When the UN declared a famine in parts of southern Somalia on Wednesday, it was the country’s first for 20 years. Already, tens of thousands of people have died of malnutrition-related causes and the UN is now appealing for funds to help prevent the famine spreading.
The crisis has also hit parts of Kenya, Ethiopia, Dijibouti and even South Sudan and across the region more than 11 million people now need food assistance, according to the World Food Programme.
The disaster has also pushed hundreds of thousands to migrate to refugee camps like the infamously crowded Dadaab near Kenya’s border with Somalia.
The next major international development is likely to be on Monday, when ministers hold an emergency meeting at the UN’s Food and Agriculture Organization (FAO) in Rome. The FAO has said the meeting is not about pledges of money – but humanitarian organisations including UN member agencies will be desperately disappointed if it does not deliver major new funding for the crisis.
UN Secretary General Ban Ki-moon said on Wednesday that some $300 million is needed over the next two months alone, simply to prevent the famine spreading, and official figures from the UN put the funding gap between current appeals and money actually delivered at $854 million.
In the UK, the appeal by the Disasters Emergency Committee – a group of 14 organisations including Christian Aid, Oxfam, the British Red Cross and Islamic Relief – has so far raised well over £24 million. We are deeply grateful for this public generosity, especially at a time of national financial uncertainty.
Emergency workers’ immediate priority in east Africa is to save lives, with food, water, health care, shelter and sanitation, as well as seeds and tools in some areas, which will help people take advantage of the rains when they do come.
But we will not have done enough, if we solve the immediate crisis but then walk away when the rains have returned and people again have enough to eat.
This disaster is not simply the result of the region’s worst drought in 60 years – it is the drought combined with other underlying problems which should be tackled. They include extreme poverty, the violent conflict in Somalia and the increasingly extreme and unpredictable weather in the region, which may be the result of climate change.

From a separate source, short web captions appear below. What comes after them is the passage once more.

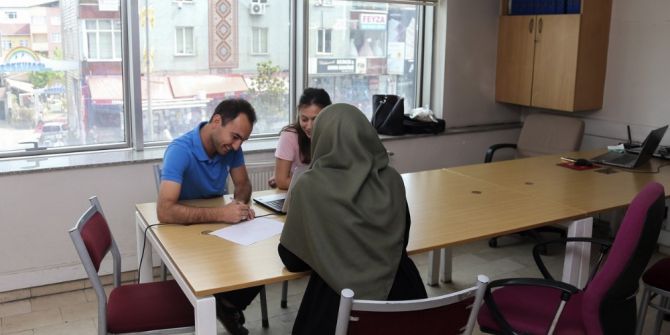 Sugem Tercih Döneminde De Öğrencilerin Yanında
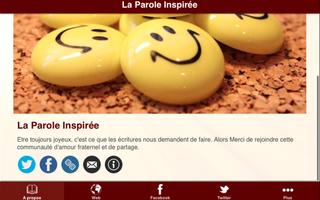 La Parole Inspirée screenshot 2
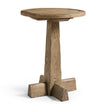 Jonathan Charles Echo Canyon Round Bar Table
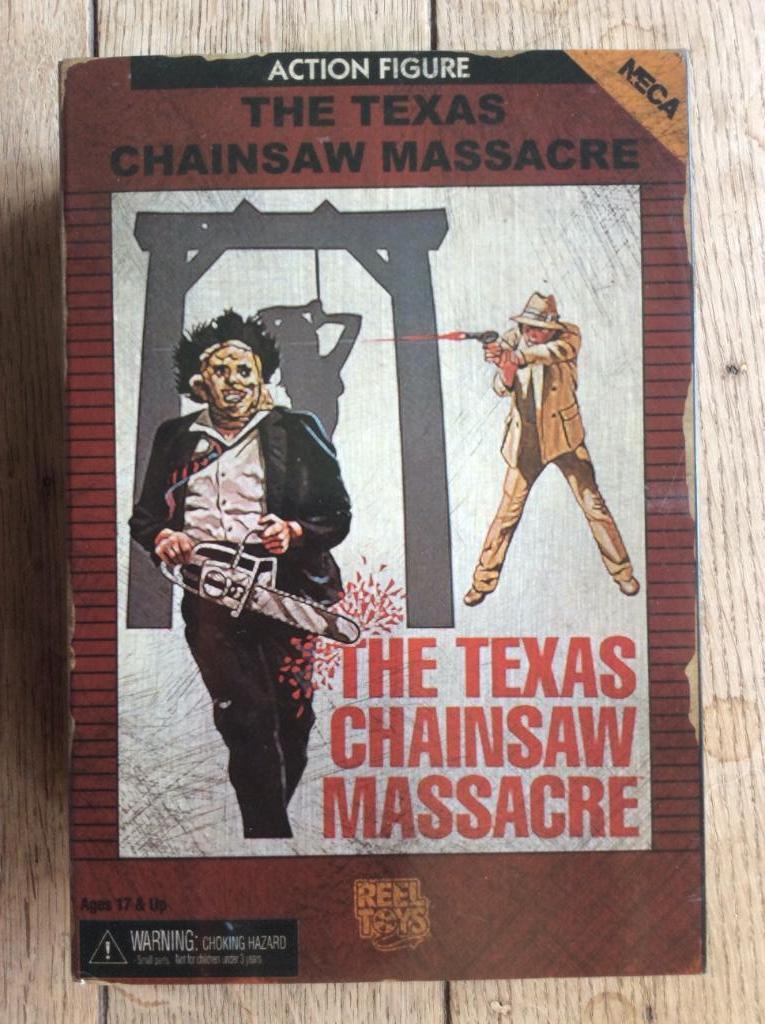 Texas Chainsaw Massacre Leatherface Video Game Figure Rare, Enlèvement ou Envoi, Neuf, Fantasy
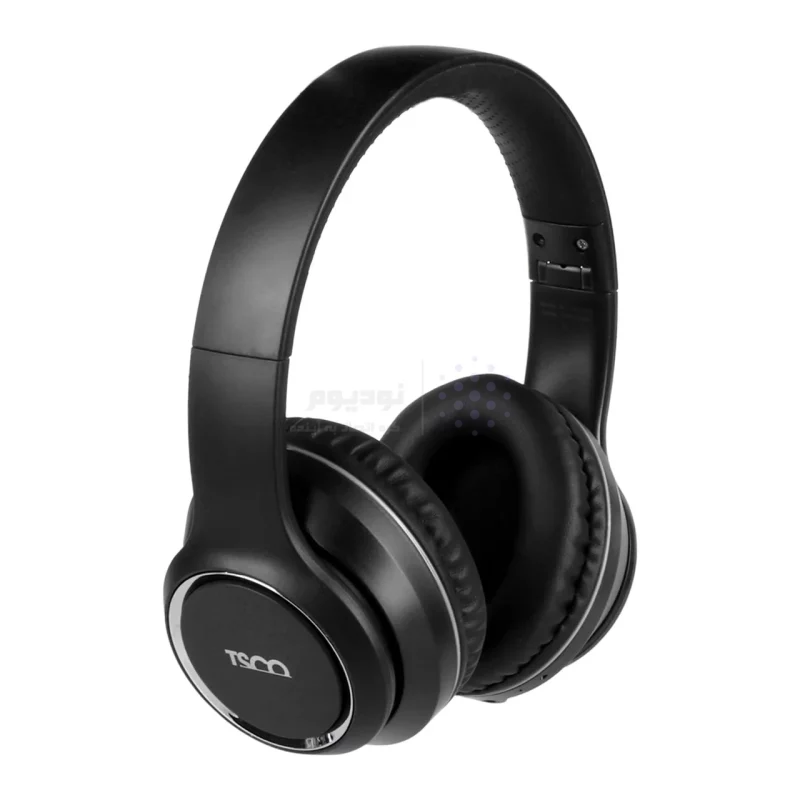 هدفون بی سیم TSCO مدل TH 5376 - مشکی - تصویر 3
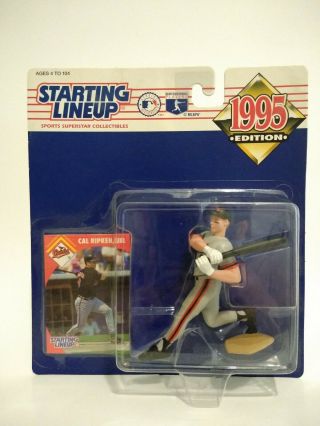 1995 Starting Lineup - Slu - Mlb - Cal Ripken,  Jr - Baltimore Orioles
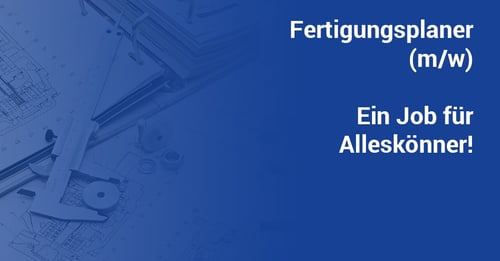Job Fertigungsplaner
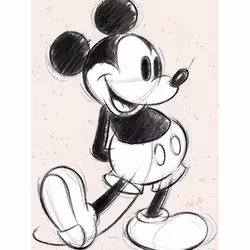 Pyramid International WDC100412, 1 pc(s), Disney, Rectangle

Other fundamental challenges are the growing phenomenon of land-grabs – often by foreign investors – which are eroding people’s access to land for food. Governments’ discrimination against the region’s millions of pastoralists, who survive by moving their animals in search of pasture and water, is yet another important part of the picture.
There are also some fundamental flaws in the way that the international community currently responds to humanitarian crises. At present, early warnings are not taken seriously enough – in this case, the United Nations appealed last year for $500 million to address food insecurity in Ethiopia, Somalia and Kenya, but received only half of the funds requested.
The reluctance to give until people are already starving is one of the reasons why rich countries such as the UK should ensure they give 0.7 per cent of their national income to help people in poor countries. The UK government has promised to meet the 0.7 target and it should legislate accordingly.
Some of the money generated by rich countries in this way could be used to reduce disaster risks and strengthen local communities’ ability to prepare for and respond more effectively to crises such as the current one.
What should Monday’s FAO meeting achieve? At a minimum, the rich countries present must deliver enough money to keep people alive and ensure that the food crisis does not deteriorate further. But they should go further, in the knowledge that climate change is likely to exacerbate the challenges facing the region and damage people’s ability to produce food.
Only when G20 governments provide reliable sources of climate finance, to build developing countries’ resilience and help them adapt to the effects of climate change, do we have a chance of reducing the risk of food crises like today’s.